As for April Koyejo-Audiger’s Sandman, wheeled on in a kind of sail-rigged bathtub-boat, she confirmed that this Grimm forest felt – as it should be – funny and scary all at once. The animal-masked chorus of guardian angels (pictured below), sturdily supplemented by young performers from the Cardinal Vaughan Memorial School, brought moments of true enchantment to the bedtime masquerade. A tutu-ed Dew Fairy – Charlotte Bowden – arrived to wake the children while pedalling another, posher, bike: evidently, Wilkie was unafraid of a touch or three of camp. By now, the comic muse had jumped back in the saddle again. 

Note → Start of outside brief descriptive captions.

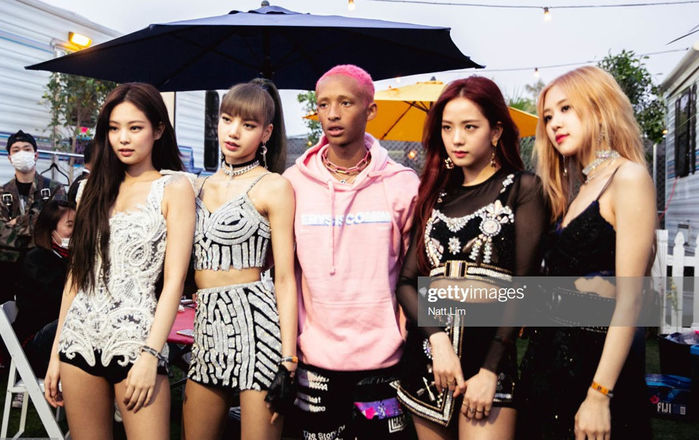 Chênh lệch ngoại hình khó tin giữa sao US-UK và sao Kpop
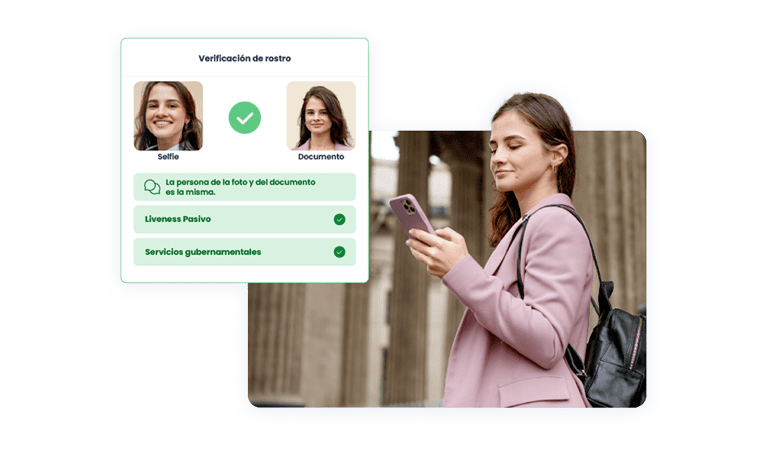 Usuaria haciendo una verificación de su rostro a través de un dispositivo móvil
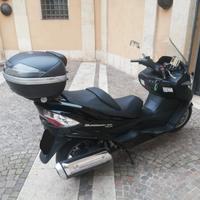 Suzuki AN Burgman 400 - 2011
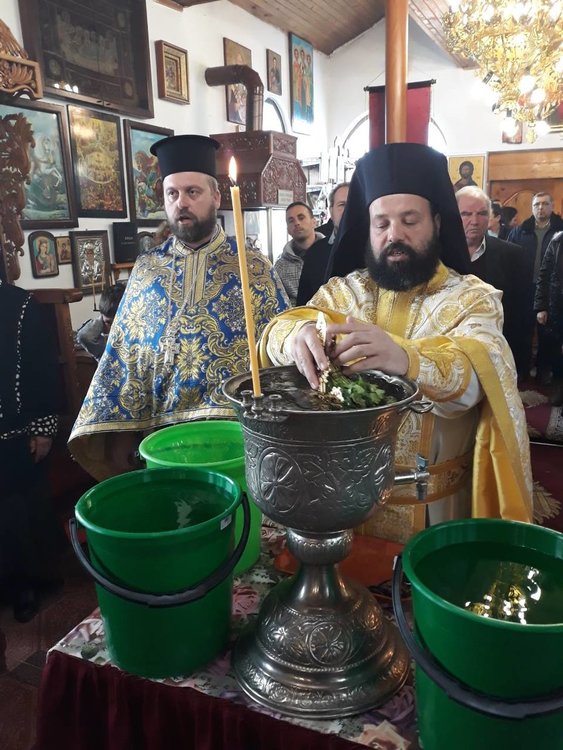 С църковен хор и водосвет отбелязаха празника в манастира над Смолян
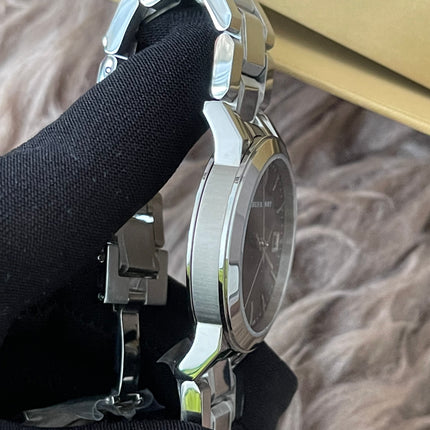 Preloved Authentic Rank N Burberry The City BU9001 stainless steel watch with a black dial.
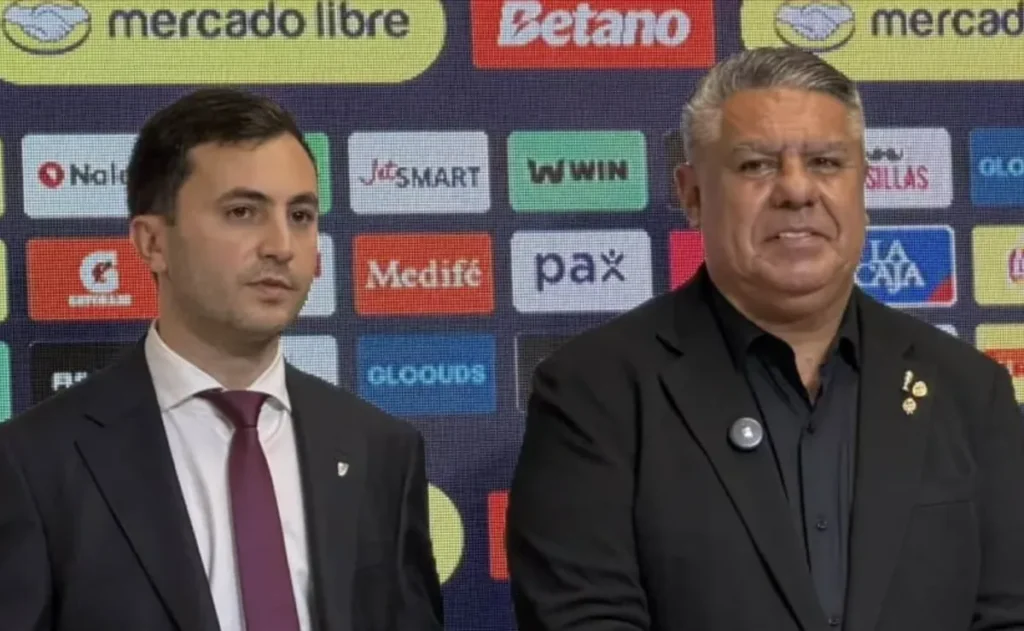 Di Carlo fue a fondo, le apuntó a los horrores arbitrales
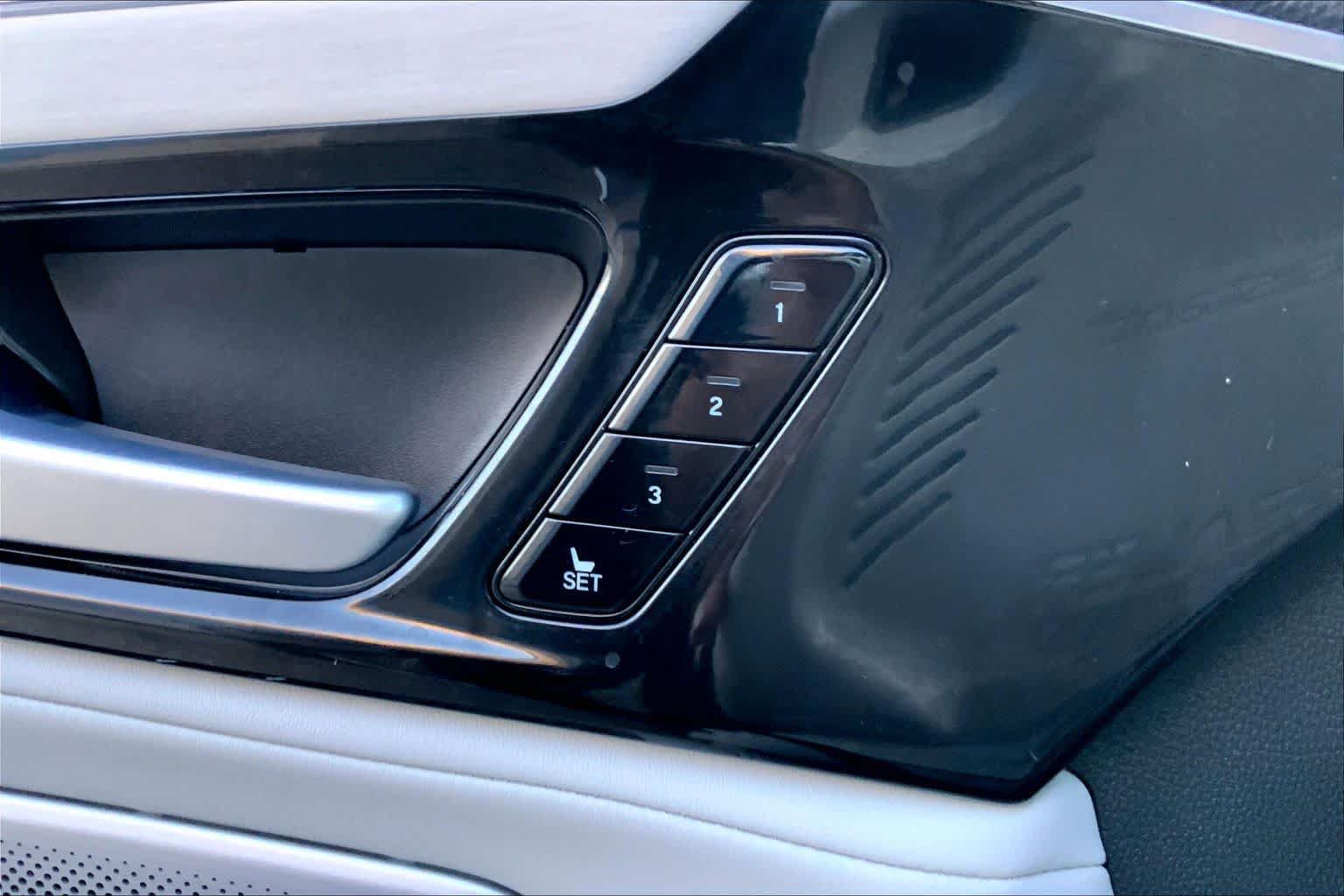 Used 2025 Acura MDX w/ Technology Package AWD/4WD image 33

So how would Wilkie present the Gingerbread Witch and her cannibalistic lures? He eschewed the tenor-in-drag solution: old hat by now. Instead, Eleanor Dennis’s kid-eating sorceress circumvented our present-day discomfort with evil old crones in unexpected style. Riotously festooned with fairy-lights, her cake-constructed cottage emerged as the reverse side of the parents’ caravan-hovel. And Dennis, who brought enormous relish and panache to every phrase, executed a sudden change of identity herself. She began as a Dietrich-era vamp in glittery scarlet gown, only to shed the frock and morph into a strutting Fascist autocrat, all boots, breeches and plus-size epaulettes (pictured below). Yes, that will dispense with contemporary worries about folk-tale ageism-sexism, but maybe at the cost of a certain dramatic incoherence? 

At any rate, the smoke and flames from the oven she prepared for the kids felt properly ghastly, even if her comeuppance seemed a bit perfunctory (“You’re toast!”). Costume changes aside, Dennis sang with unflagging dash and brio, requiring no demonic assistance to ace top notes while her cookies crumbled. As the Witch’s previous victims returned to life, carrying what looked like super-sized Quality Street, we closed with a witty reminder that the cake-and-chocolate dreams of anxious, deprived children may not only exist in the realms of operatic fantasy. Singers and orchestra, meanwhile, made us hear how cleverly Humperdinck’s finale unites the demotic and otherworldly sides of his wonderfully calorific score. With the Witch back on stage in cake-enhanced form, all looked – and sounded – good enough to scoff for seconds. OHP’s Gothic gâteau rose delectably to the occasion. Audiences will surely wolf it down with glee.